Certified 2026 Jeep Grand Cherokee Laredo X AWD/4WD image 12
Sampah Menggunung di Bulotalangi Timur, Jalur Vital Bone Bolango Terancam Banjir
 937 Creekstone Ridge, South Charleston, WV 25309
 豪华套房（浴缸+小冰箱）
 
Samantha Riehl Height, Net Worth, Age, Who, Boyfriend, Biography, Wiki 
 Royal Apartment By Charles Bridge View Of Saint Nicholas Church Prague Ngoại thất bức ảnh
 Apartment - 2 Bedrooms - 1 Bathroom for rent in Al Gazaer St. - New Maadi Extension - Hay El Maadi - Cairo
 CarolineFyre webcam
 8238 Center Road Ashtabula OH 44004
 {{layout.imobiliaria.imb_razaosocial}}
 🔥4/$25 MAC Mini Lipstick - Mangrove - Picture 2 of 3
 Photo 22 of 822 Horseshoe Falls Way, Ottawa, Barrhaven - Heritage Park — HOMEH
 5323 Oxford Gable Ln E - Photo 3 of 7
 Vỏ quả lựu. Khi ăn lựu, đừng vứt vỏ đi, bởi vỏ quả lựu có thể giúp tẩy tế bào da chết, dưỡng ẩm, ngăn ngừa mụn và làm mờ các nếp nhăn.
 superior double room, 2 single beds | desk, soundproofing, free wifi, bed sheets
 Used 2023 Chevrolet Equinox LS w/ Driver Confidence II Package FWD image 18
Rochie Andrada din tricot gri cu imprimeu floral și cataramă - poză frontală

Task details ▸ Starting with the line that contains "Vỏ quả lựu.", restate every line up to and including the last one above, exactly.

Answer to this task ▸
 Vỏ quả lựu. Khi ăn lựu, đừng vứt vỏ đi, bởi vỏ quả lựu có thể giúp tẩy tế bào da chết, dưỡng ẩm, ngăn ngừa mụn và làm mờ các nếp nhăn.
 superior double room, 2 single beds | desk, soundproofing, free wifi, bed sheets
 Used 2023 Chevrolet Equinox LS w/ Driver Confidence II Package FWD image 18
Rochie Andrada din tricot gri cu imprimeu floral și cataramă - poză frontală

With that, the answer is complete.